The good news is that the Orange will extend out in the 2-3 zone more than usual to limit Wisconsin's three-point shooting in general, so Taylor should expect Scoop Jardine or Brandon Triche to be near the arc throughout the evening as he brings the ball up. The better news for SU is that the zone will be a constant in the game, and not a single player will have to worry about defending Taylor one-on-one no matter the situation.

When he does have the ball in his hands, though, it is imperative to get it into somebody else's. The rest of the Badgers are more catch-and-shoot type players who are responsive to Taylor's play-making ability instead of creating their own shot.

The exception? Swingman Ryan Evans.

While not the most gaudy scorer, Evans is consistent. He has scored in double-figures over the last 14 games, and he is the team's leading rebounder in the process. Evans is longer than his listed 6-foot-6 frame, so he will be the second key for the Orange defense. The junior has the ability to hit a jump shot as well as slash to the rim, so his ability to get inside the zone may cause issue for Syracuse.

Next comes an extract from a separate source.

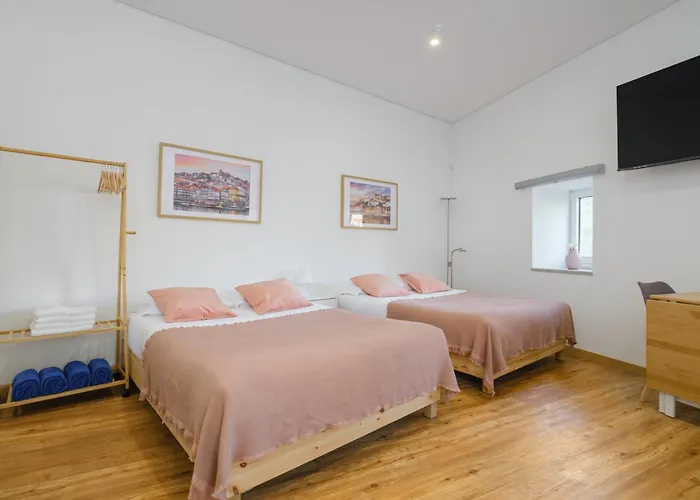 New! House With Hot Tub By Douro River & Iconic Bridge * Vila Nova de Gaia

The other players on the roster – even the bigs - will not hesitate to hoist up three-pointers, but the zone's extension should limit an efficient percentage from accumulating from deep.

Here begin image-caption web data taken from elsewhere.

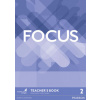 Focus BrE 2 Teacher's Book & MultiROM Pack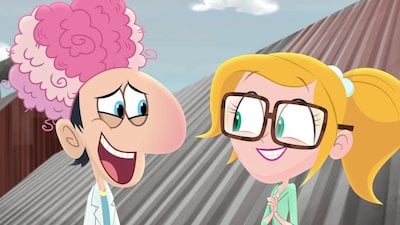 Cloudy with a Chance of Meatballs Season 1 Episode 20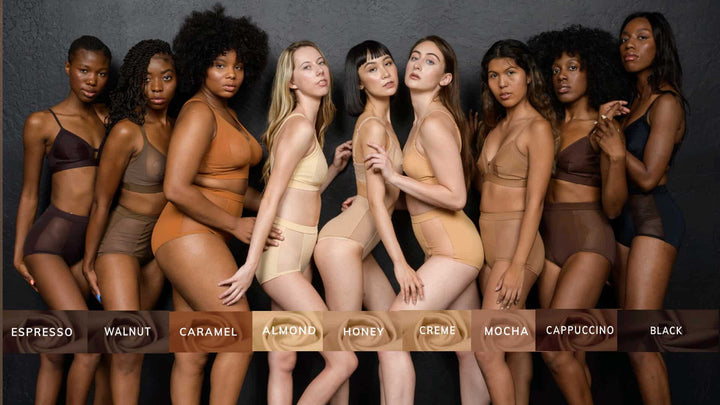 Bare Minimalist Thong | Skin Tones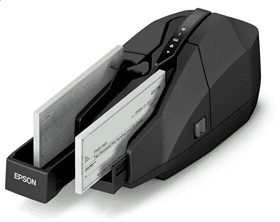 Epson TM-S1000/S1000II-NW Check Scanner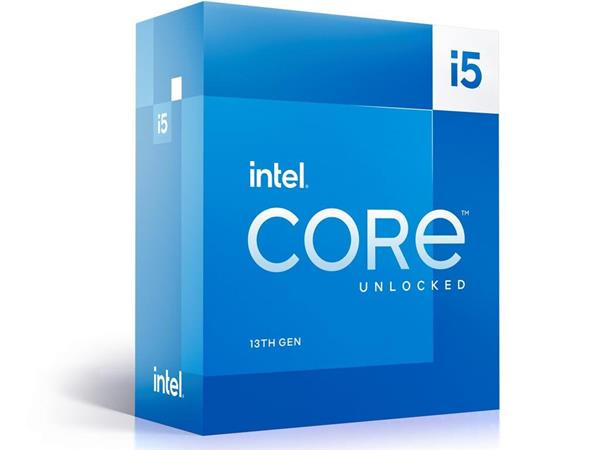 INTEL CORE CPU I5-13600K 24MB CACHE 5,1GHZ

When Syracuse has the ball

As if Wisconsin's offensive numbers aren't gaudy enough, their defense is actually the better unit. Yes, it's a simple – yet tough – man-to-man scheme, but it holds opponents to just 52.9 points per game. The mark is the best among 338 Division I basketball teams.

The Badgers are gritty, and they will turn you over – though Syracuse is also a top 10 team at protecting the ball (just 10.6 turnovers per game).

But the difference between most Big Ten teams and the Orange is athleticism, individual scoring ability and depth. Facing what was considered another tough man-to-man team in the Round of 32, Syracuse put up 75 points in a win over Kansas State.

Jardine said the team's collective eyes lit up at the thought of a team manning-up against he, Dion Waiters, Kris Joseph and company since the zone has frustrated SU so much of late. It won't happen on Thursday, though, as Wisconsin Coach Bo Ryan is set in his ways the same way Syracuse Coach Jim Boeheim is with his defense.

Expect Waiters to attack early and often from inside and out, with Joseph as a compliment. The penetration should lead to kick-out opportunities for Triche and James Southerland from beyond the arc and C.J. Fair from 15-feet.

Inside, Rakeem Christmas will have his hands somewhat full with the 6-foot-10, 235-pound Jared Berggren – though he is just an average rebounder at best.